1) Тормоза, на которые здесь многие жаловались ранее, продолжаются!
   Скоро полгода, как на форум почти невозможно зайти - "internal server error" (на др. ресурсах у меня ничего подобного не наблюдается)
Здесь ограничения по скорости, по регионам, и т.д..?! 

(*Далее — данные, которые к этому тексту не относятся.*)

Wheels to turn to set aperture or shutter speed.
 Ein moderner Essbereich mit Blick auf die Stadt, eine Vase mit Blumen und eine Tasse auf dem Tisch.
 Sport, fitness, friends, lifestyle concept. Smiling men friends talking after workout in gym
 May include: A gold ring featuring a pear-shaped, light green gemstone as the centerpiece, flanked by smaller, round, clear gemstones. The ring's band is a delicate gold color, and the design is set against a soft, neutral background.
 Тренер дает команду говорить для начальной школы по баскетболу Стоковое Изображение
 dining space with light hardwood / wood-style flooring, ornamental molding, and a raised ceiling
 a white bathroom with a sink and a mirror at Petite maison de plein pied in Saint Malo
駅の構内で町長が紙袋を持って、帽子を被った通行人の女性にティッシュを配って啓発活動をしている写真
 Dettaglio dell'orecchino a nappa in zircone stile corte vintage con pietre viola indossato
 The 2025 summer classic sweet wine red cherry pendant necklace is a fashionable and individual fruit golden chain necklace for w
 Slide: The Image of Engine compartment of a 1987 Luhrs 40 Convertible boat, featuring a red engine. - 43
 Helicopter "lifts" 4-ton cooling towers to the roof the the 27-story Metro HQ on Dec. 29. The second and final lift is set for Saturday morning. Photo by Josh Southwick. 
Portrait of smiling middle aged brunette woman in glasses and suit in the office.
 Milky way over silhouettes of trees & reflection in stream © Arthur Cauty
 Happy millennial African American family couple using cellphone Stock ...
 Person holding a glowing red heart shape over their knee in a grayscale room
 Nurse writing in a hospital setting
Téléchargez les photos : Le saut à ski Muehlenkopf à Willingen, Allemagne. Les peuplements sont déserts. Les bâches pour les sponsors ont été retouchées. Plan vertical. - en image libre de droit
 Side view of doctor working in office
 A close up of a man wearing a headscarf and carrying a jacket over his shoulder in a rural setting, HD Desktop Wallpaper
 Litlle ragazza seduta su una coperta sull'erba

2) Форум выдает "крайний визит" со временем , когда меня здесь и в   помине небыло! Прошу прокомментировать.

----------


## А.В.Егоров

[QUOTE=vomit airways;32693]1) Тормоза, на которые здесь многие жаловались ранее, продолжаются!
   Скоро полгода, как на форум почти невозможно зайти - "internal server error" (на др. ресурсах у меня ничего подобного не наблюдается)
Здесь ограничения по скорости, по регионам, и т.д..?!!!!

У меня теже проблемы!!!!
 Модераторы забаньте китайских рекламщиков(qrst231 / usaqial19735) :Mad:

----------


## Холостяк

У меня тоже самое....
Вроде как это проблемы сервака, на котором находится форум.... Хреноватый хостинг... 
Менять нада....
Жаль...

----------


## Любомирский

С визитами вроде ничего, а вот то что вход раза с 5-го 7-го, то это да. 
В общем, проблема есть - нужно решить. Советовать не могу - не разбираюсь.

----------


## alexvolf

Пробовал заходить на форум через сайт "Airforce" главная страница форума открывается сразу без всяких задержек,а затем начинаются полные тормоза по регистрации или открытии темы. Регионы и хостинг похоже не причем.

----------